Line Charts

Line Charts#

What is a Line Chart?#

A line chart is a type of graph used to display trends or patterns over time, usually with continuous data. In a line chart, data points are connected by a straight line, showing the progression of the variable being measured.

Line charts typically have the dependent variable on the y-axis and the independent variable (usually time) on the x-axis. The line in the chart represents the trend or pattern over time, and the slope of the line indicates the rate of change.

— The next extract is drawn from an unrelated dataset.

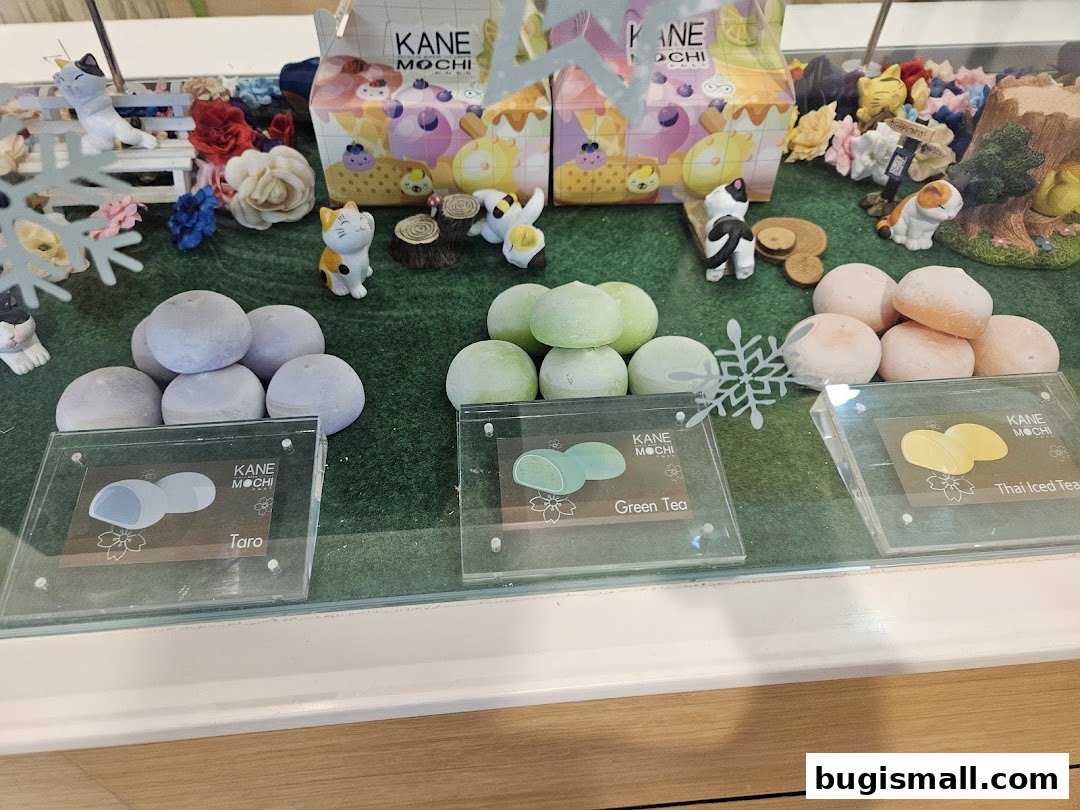 A display of colorful mochi treats with cute cat figurines and decorative elements.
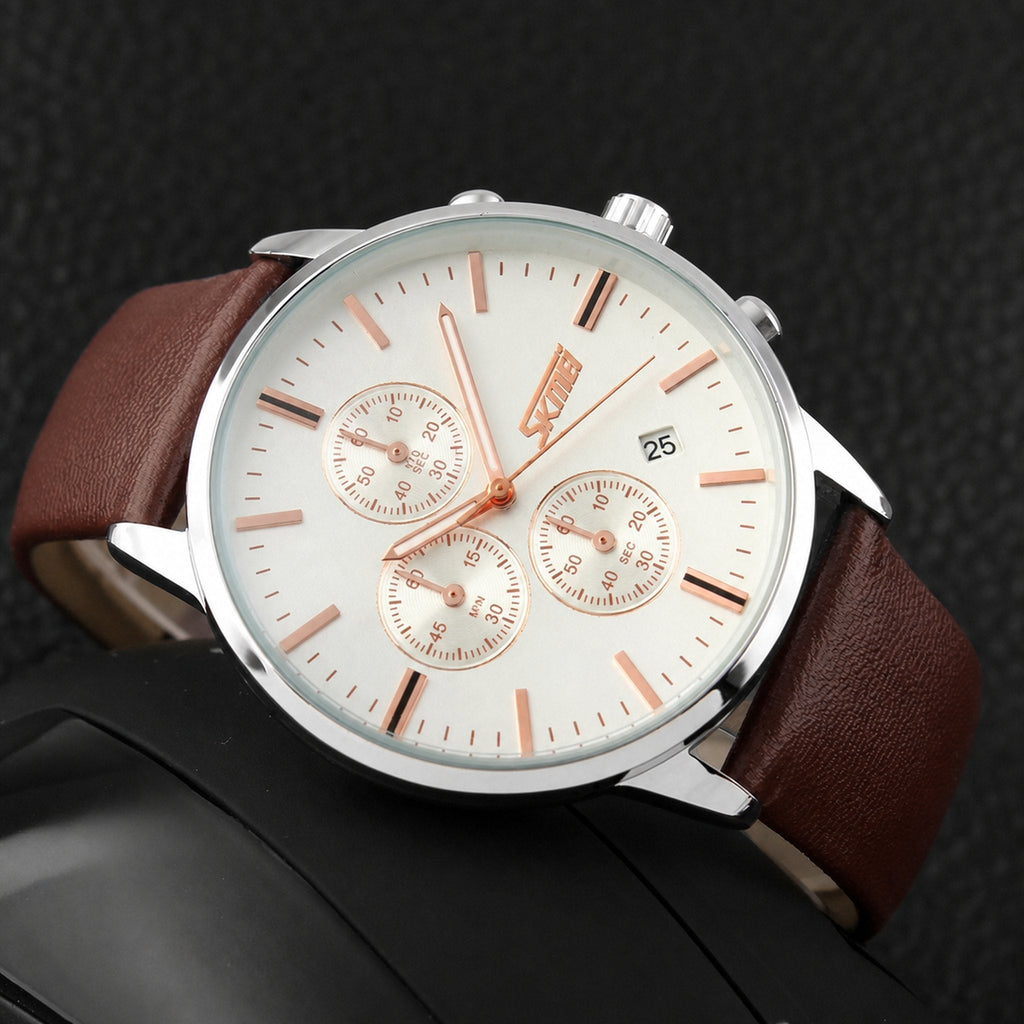 SKMEI 9103 white dial chronograph with brown leather strap, angled detail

Line charts are commonly used in various fields such as finance, economics, science, and social sciences to analyze trends in data and to track changes over time. They are also useful for displaying data with multiple lines on the same chart, allowing for comparisons between different variables or data sets.

Getting Started#

Matplotlib is the library we will be using to create our line charts in this tutorial. There are other libraries that we could use to create line charts such as seaborn and plotly express that come with a variety of advanced features, but for this tutorial, the simplicity of matplotlib will do the trick. As you can see below, the style was set to ‘seaborn-darkgrid,’but feel free to change that to whatever you like using styles at Matplotlib: Style Sheet Reference.

Numpy provides the functionality of n-dimensional arrays. Compared to Python lists, numpy arrays save memory usage and provide a variety of benefits for easy mathematical calculations.

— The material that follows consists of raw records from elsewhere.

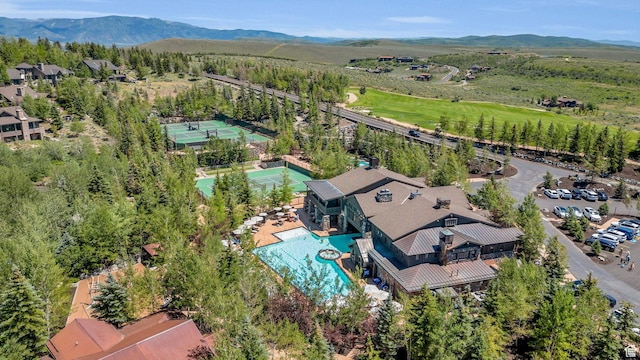 2711 E Bitter Brush Dr, Park City, UT 84098 - drone / aerial view of a pool and a mountainous background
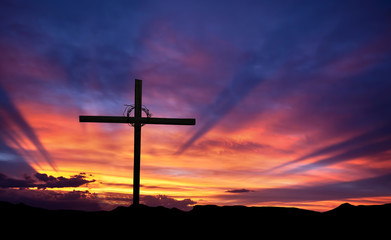 Wall Mural - Cross silhouette on the mountain at sunset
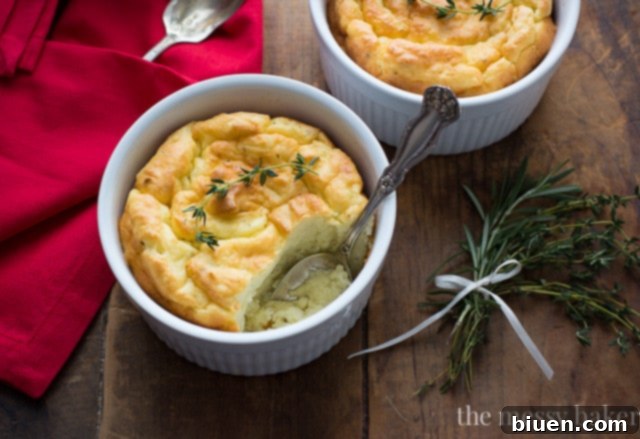 Serving dish of golden brown Herb & Cheese Potato Soufflés, ready to enjoy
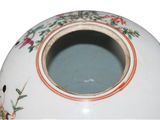 a white vase with a floral design on it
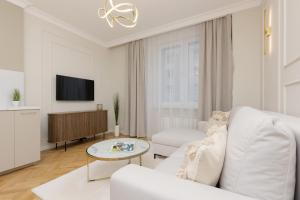 un soggiorno bianco con divano bianco e TV di Bright & Elegant Apartment Warsaw by Renters a Varsavia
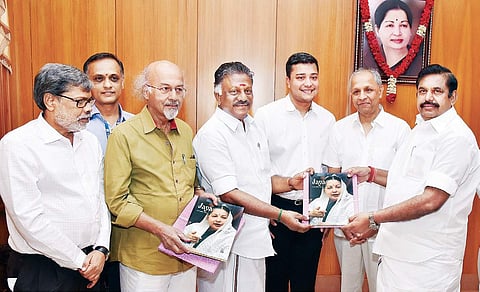Chief Minister Edappadi K Palaniswami handing over the first copy of a book ‘Jaya: An Incredible Story’ brought out by TNIE to Deputy Chief Minister O Panneerselvam after releasing it, as (from right) TNIE Group CMD Manoj Kumar Sonthalia, GM-TN Siddharth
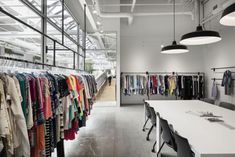 a room filled with lots of clothes hanging from the ceiling and tables in front of it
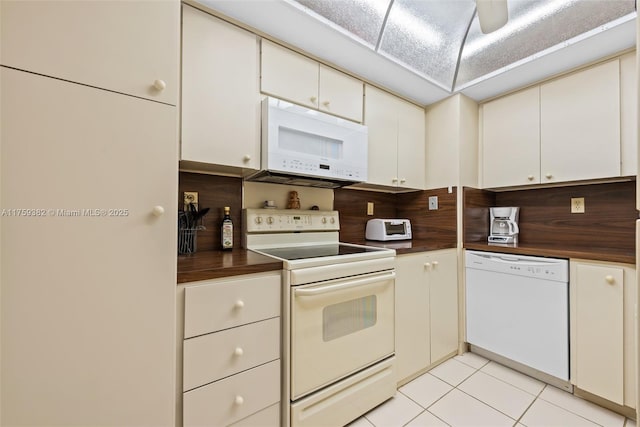 kitchen with white appliances, a toaster, light tile patterned flooring, white cabinets, and dark countertops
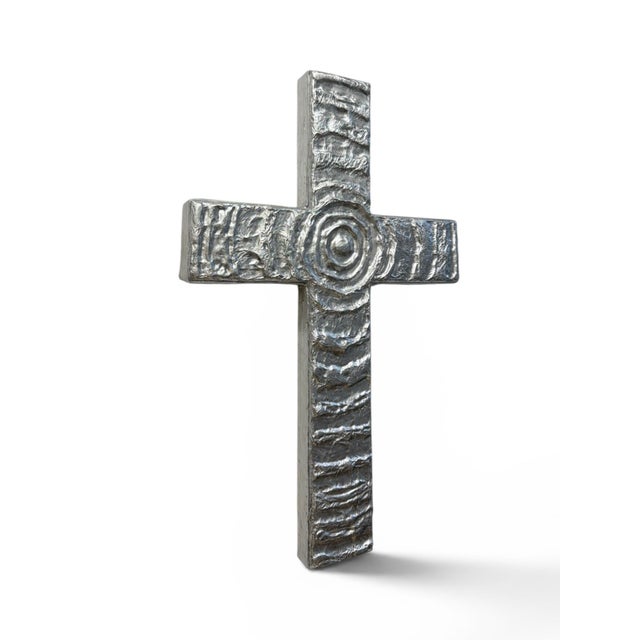 A one-of-a-kind handcrafted wall sculpture featuring a richly textured silver finish and a contemporary interpretation of...
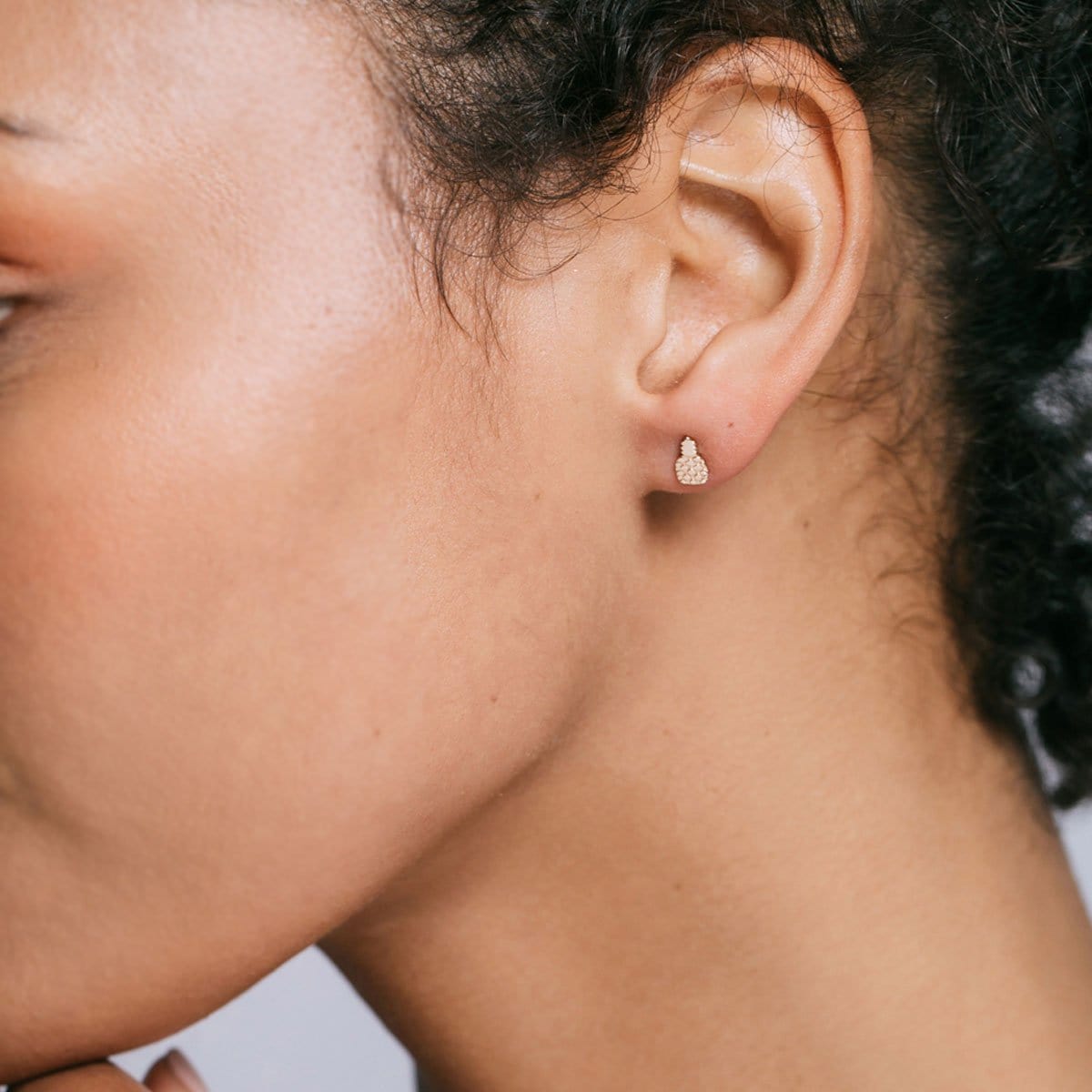 Close-up of an ear wearing a gold Pineapple Stud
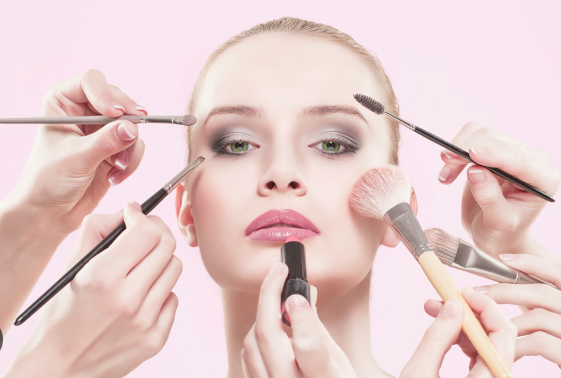 a girl with makeup brushes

Pandas is one of the go-to libraries for data analysis. While it can be used for data visualization, that is not what it will be used for here. Rather it will be used for its dataframe class to provide structure to the data so that it is more malleable.

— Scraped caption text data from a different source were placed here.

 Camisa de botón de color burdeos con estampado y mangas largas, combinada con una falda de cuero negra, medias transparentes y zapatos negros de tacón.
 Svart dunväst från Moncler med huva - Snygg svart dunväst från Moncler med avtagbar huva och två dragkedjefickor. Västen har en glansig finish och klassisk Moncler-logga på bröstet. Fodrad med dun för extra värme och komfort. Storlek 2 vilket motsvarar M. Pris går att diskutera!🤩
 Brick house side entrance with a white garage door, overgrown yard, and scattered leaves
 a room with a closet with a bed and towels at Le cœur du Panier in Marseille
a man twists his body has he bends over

To get started, go ahead and import the modules below. As a disclaimer, this guide assumes you are using Jupyter Notebooks. You may need to install these modules with the ‘pip install’ command. If you need extra help with this step, consult Python’s guide on this topic.

import matplotlib.pyplot as plt
#plt.style.use('seaborn-darkgrid')
import numpy as np
import pandas as pd

Basic Line Chart with Matplotlib#

Creating a basic line chart with Matplotlib is very simple. You need data for your x and y axis and to call the plot function. In the example below, we used lists to plot our line chart. Our x list is populated with years ranging from 2000-2008 and the y list is simply randomly selected integers. One thing to be sure of when you are making a chart is to ensure that the shape/size of the lists are equal. If not, it will throw an error. The lists x and y are placed into the plot functions parameters, x represents the x-axis and y represents the y-axis.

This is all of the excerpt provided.